Pandan Kuih Kosui
This simple and much-loved kuih is particularly popular among Peranakan and Malay communities in Singapore and Malaysia. The abundance of pandan leaves in backyard gardens led to many recipes – both savoury and sweet – using this natural flavouring agent. Crowned with coconut topping – freshly grated, of course – this dessert is a taste of home!
Total time: 30 minutes
Yields: 7-8 pieces
A: Coconut Topping
50g freshly grated coconut, white
¼ teaspoon salt
50g tapioca starch
40g rice flour
15g sago flour
100g granulated sugar
C: Wet ingredients
25 fresh pandan leaves, washed and sliced finely
350 ml water
1 teaspoon alkaline water*
D: Cooking Oil for greasing
1 tablespoon corn oil
1.Extracting pandan juice: Place pandan leaves and water into a food processor. Pulse or blitz until leaves are finely chopped up.
Strain out liquid using a fine-mesh strainer. Alternatively, use a muslin bag to extract pandan juice. Discard pandan pulp.
Using a whisk or fork, mix in alkaline water and blend well. Set it aside. This is C ingredients.
2. Coconut topping: Combine both ingredients and steam for 10 minutes.
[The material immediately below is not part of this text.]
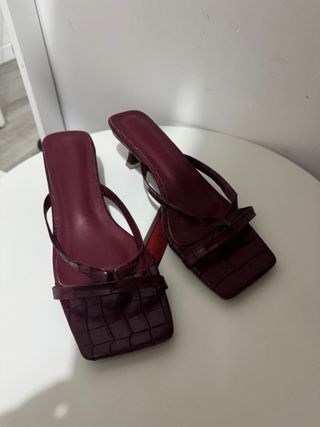 Sandalias tacón cuadrado moradas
Set aside to cool.
3. Preparing batter: Combine tapioca, rice, sago flour and sugar in a medium mixing bowl. Using a spatula, gently fold into C ingredients until you get a smooth batter.
Using a strainer, strain batter to remove lumps if any.
4. Using a double-boiling method, gently simmer batter over low heat for 1-2 minutes until lightly thickened. Strain batter for a lump free smoother kuih.
5. Steaming: Fill up a steamer or wok with water reaching steaming rack. Heat water to boiling point. Reduce heat to medium high.
6. Using a pastry brush, lightly grease teacups (70ml) with oil. Place tea cups into steamer to preheat for 5 minutes. Lift wok or steamer cover gently to ensure no water droplets fall into cups.
7. Stir batter, then pour until each tea cup is ¾ full.
9. Steam for 15 minutes or until top of each kuih is set and firm to the touch and turns dark green. Allow kuih to cool down for 5 minutes.
10. To unmould kuih, insert a small rubber spatula into cup. Run it against the circumference of cup, then lift gently up.
11. Serve with coconut topping and Chinese tea.
TIP: Tea cups can be replaced with porcelain cups of 70ml capacity. Alternatively, pour batter into a glass container and steam until top of kuih sets much like agar agar or jelly – when cooked, it is firm to the touch.
NOTE: This kuih has a springy, bouncy texture which is attributed to tapioca starch. Rice flour is added for a softer and yielding bounce.
* Alkaline water: This is also called lye water (jian shui) or Chinese alkaline solution which contains baking soda and potassium carbonate. It is often used to make Chinese dumplings and noodles to add bounce to the dough.
TECHNIQUE: For a smooth texture, always stir batter before pouring it into cups. Fill tea cups with batter only when about to steam kuih. Preheat teacups after greasing – this is an essential step to warm cups up, making it easier to unmould cooked kuih as the oil coating prevents batter from sticking to the base of tea cups.